Empowering Parents to Teach- Sight Word Tree

Sight Word Tree in Fall Colors

One way to help your little one learn sight words is to have the words visible in your house to give your child more exposure to the words s/he is learning.  By making a sight word tree, you’ll have a fun colorful display for sight words!

 

Note: This post contains affiliate links

 

Here’s one way to make a sight word tree:

 

The Tree

  • Using easel roll paper, because it is long, measure out the length of your tree.  You would base this on how high you want your tree to be on your wall.
  • Cut all the way across.  You can use the extra width to make the branches.  Color the entire surface brown.
  • Decide how wide you want your tree and cut out the tree. With the remainder of the brown paper, cut the rest into strips to be your branches.
  • After affixing the tree trunk your wall, decide how long you want your branches and cut them to an appropriate size.
  • If you want to make grass, use your easel paper and color it green.
  • Feeling crafty? Add more design to your scene- flowers, a house, a tree swing, etc. Anything that you like to make it visually appealing!
  • I put a hole in the trunk of our tree trunk to draw a squirrel since we just read Gooseberry Park by Cynthia Rylant.  In the story, Stumpy the squirrel lived in an oak tree that got destroyed by an ice storm.  Looking for help, she was separated from her newborns. Her animal friends tried to find her as  they also took care of her babies. The animals eventually reunited the mom and babies and found a maple tree to rebuild her house in. My plan was to draw Stumpy at home in her new maple tree, but my four year old decided to draw in the hole so I kept his artwork. We will relate our maple tree to the story though!

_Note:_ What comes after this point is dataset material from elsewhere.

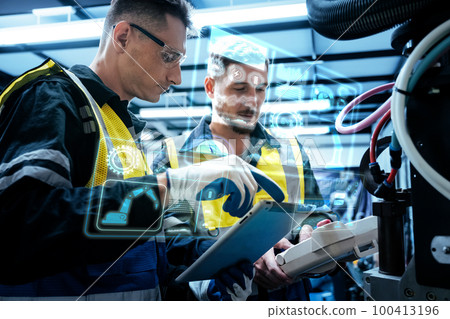 Multiracial technicial engineer training with robot arm 100413196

Empowering Parents to Teach- Sightword tree
The Leaves

  • Print out the Maple leaf template from Activity Village (click here).
  • If you print it on cardstock, you could us those as tracers on the construction paper.  If you are like me and out of cardstock, print it on regular computer paper and trace the leaves on cardboard from a cereal box to make sturdy tracers.
  • Using your tracers, trace as many leaves as you want onto different color paper.  It may help to decide how many sight words you want to display to determine how many leaves to make.
  • Write one sight word on each leaf. Not sure what words to write?  Your child’s teacher may have given you a list.  If not, the Dolch list is used often by teachers (click here), so is the Fry’s list (click here).  I used a Kindergarten sight word list found on education.com (click here).  I previously assessed my youngest to see what words he knew and which ones he didn’t. I included the unknown words on the sight word tree, along with some seasonal words and family words.
  • If you have a laminator (I found one for twenty bucks at Target), I suggest laminating the leaves.
  • Put them on the tree!

Empowering Parents to Teach- Sight Word Tree

 

There you have it! A beautiful tree of words!

Happy tree building :)

 

In case you were interested, this is the book I mentioned:

 

This post is linked to Montessori Monday on Living Montessori Now.  Click on the picture below to see many more teaching ideas from the link up!

Montessori Monday

Comments

comments

Leave a Reply to Theres Just One Mommy Cancel Reply

*

2 comments

  1. Theres Just One Mommy

    This is so pretty! We may need to make our own fall sight word tree!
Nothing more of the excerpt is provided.